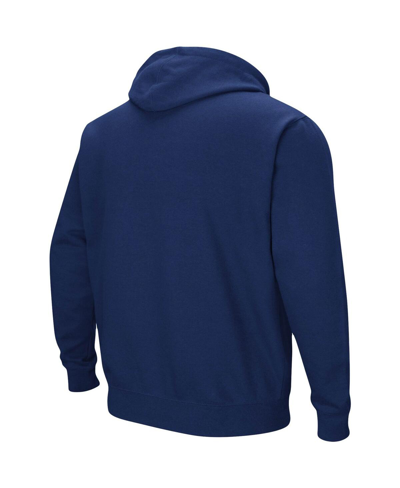 Colosseum Men's  Navy Ole Miss Rebels Big And Tall Arch And Logo 2.0 Pullover Hoodie In Navy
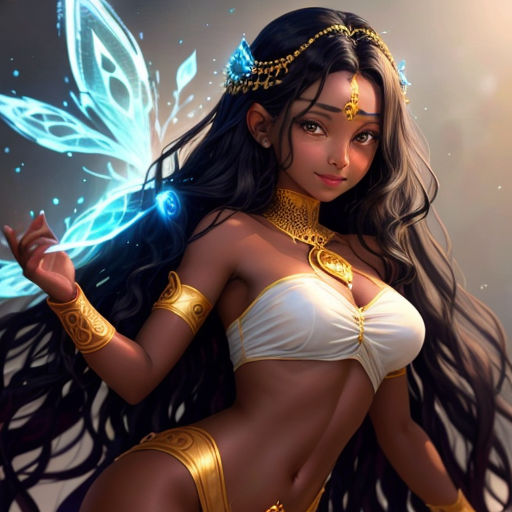 a woman in a bikini and gold jewelry holding a butterfly in her hand and a butterfly on her shoulder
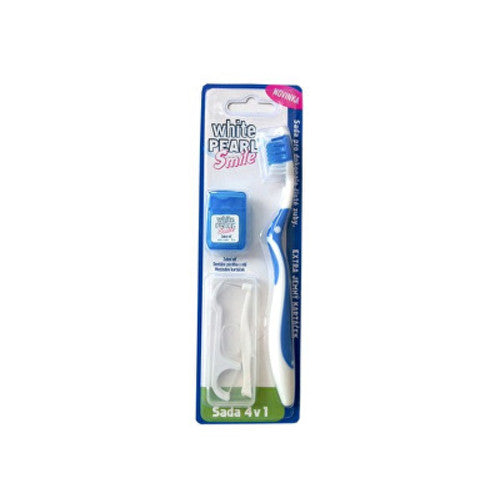 VitalCare 4p1 White Pearl Smile dantų priežiūros rinkinys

▶ INSTRUCTIONS TO FOLLOW
Before you return the listing exactly, strip out its pictures.

▶ WRITTEN SOLUTION
 Colosseum Men's  Navy Ole Miss Rebels Big And Tall Arch And Logo 2.0 Pullover Hoodie In Navy
 a woman in a bikini and gold jewelry holding a butterfly in her hand and a butterfly on her shoulder
 VitalCare 4p1 White Pearl Smile dantų priežiūros rinkinys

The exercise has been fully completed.